La FONDATION FALRET encourage les travaux de recherche-action dans le champ de la santé mentale afin de faire émerger les réponses manquantes pour faire place dans notre société aux personnes en fragilité psychique.

Le développement de la recherche-action sur les effets sociaux des problèmes de santé mentale est pour la Fondation une priorité, afin de mieux informer et former les professionnels de l’accompagnement, tout autant que les proches et les personnes appelées à côtoyer les personnes en souffrance psychique dans leur parcours de vie dans la cité.

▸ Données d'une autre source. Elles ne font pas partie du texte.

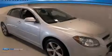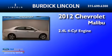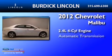This is a 2012 Chevrolet Malibu. It has a 2.4-liter four-cylinder engine and an automatic transmission.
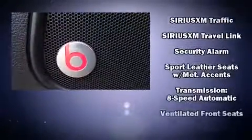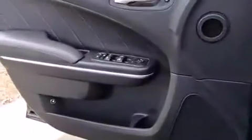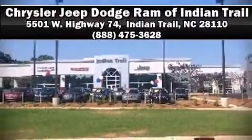Our team is professional and we offer a no-pressure environment. Stop by our dealership or give us a call for more information.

Octroyer une bourse à un jeune chercheur effectuant une étude approfondie sur les troubles cognitifs des personnes présentant des troubles de santé mentale, subventionner des travaux de recherche sur l’adaptation au poste de travail pour des personnes souffrant de schizophrénie ou de bipolarité, financer des congrès ou colloques ayant pour but de confronter les perceptions de la maladie mentale par les français par rapport aux autres pays européens… sont tant d’exemples de projets que peut financer la FONDATION FALRET pour contribuer au développement de réponses nouvelles pour accompagner les personnes en fragilité psychique.

Depuis 2014, la FONDATION FALRET a financé la conduite de différents projets de recherche-action dont les résultats et enseignements sont progressivement mis en pratique.

 

 

Focus sur  3 projets de recherche-action financés par la FONDATION FALRET

 

Projet 1 : Le projet « Distinguer les facteurs de réussite de l’insertion professionnelle des personnes en situation de handicap psychique du point de vue de l’employeur »

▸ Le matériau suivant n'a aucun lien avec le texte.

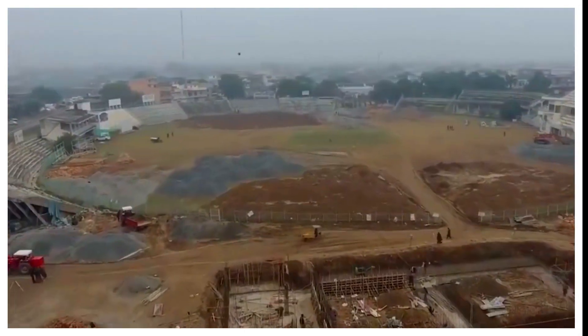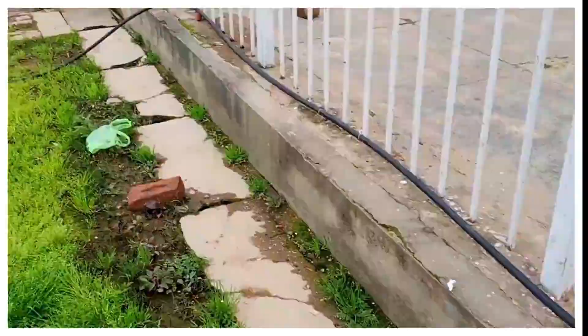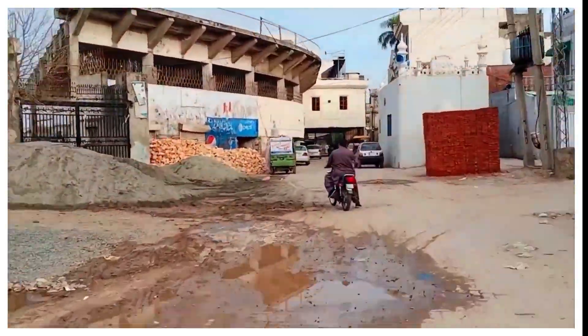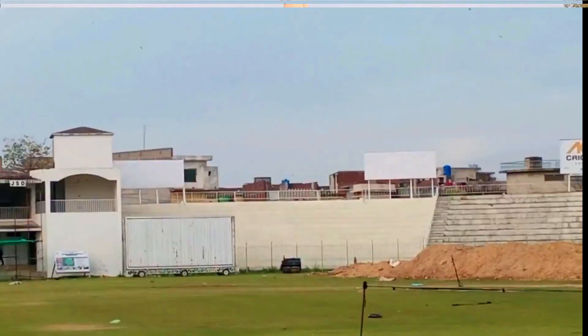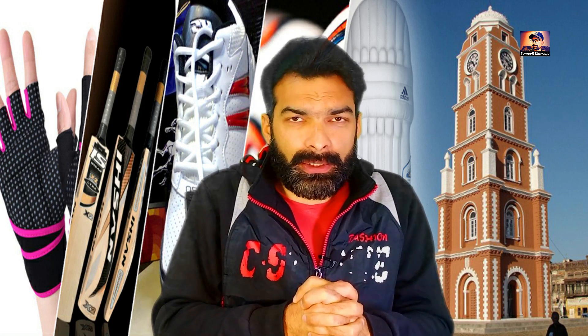سیالکوٹ کو کھیلوں کی سامان کی وجہ سے پہچانا جاتا ہے جہاں دنیا کے بڑے بڑے کرکٹ سٹارز سیالکوٹ کا بنا بیٹ استعمال کرتے ہیں اور انٹرنیشنل جتنا بھی فٹبال کھیلا جاتا ہے وہ فٹبال سیالکوٹ میں ہی بنتا ہے تو کیا وجہ ہے کہ سیالکوٹ کے نوجوانوں کے لیے جدید کھیلوں کی سہولتوں کا فقدان ہے۔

Menée par le professeur Denis Leguay (CREHPSY), en collaboration avec l’association ALPHA, l’association ICI-Angers et la Mutualité Française Anjou-Mayenne, cette recherche-action actuellement en voie de finalisation vise à identifier les facteurs de réussite (et d’échec) à l’insertion professionnelle durable de personnes en situation de handicap psychique du point de vue de l’employeur.

L’analyse des résultats obtenus devra permettre de favoriser l’inclusion socio-professionnelle de ces personnes en menant des actions concrètes tant auprès de ce public qu’auprès des entreprises elles-même.

 

Terrain de l’étude

Réalisation d’une étude qualitative mixte auprès de 30 personnes suivies dans le cadre du dispositif d’emploi accompagné.

 

Projet 2 : Le projet « Les différents processus à l’œuvre pour le retour à l’emploi en milieu ordinaire des personnes en situation de handicap psychique » porté par l’équipe Messidor »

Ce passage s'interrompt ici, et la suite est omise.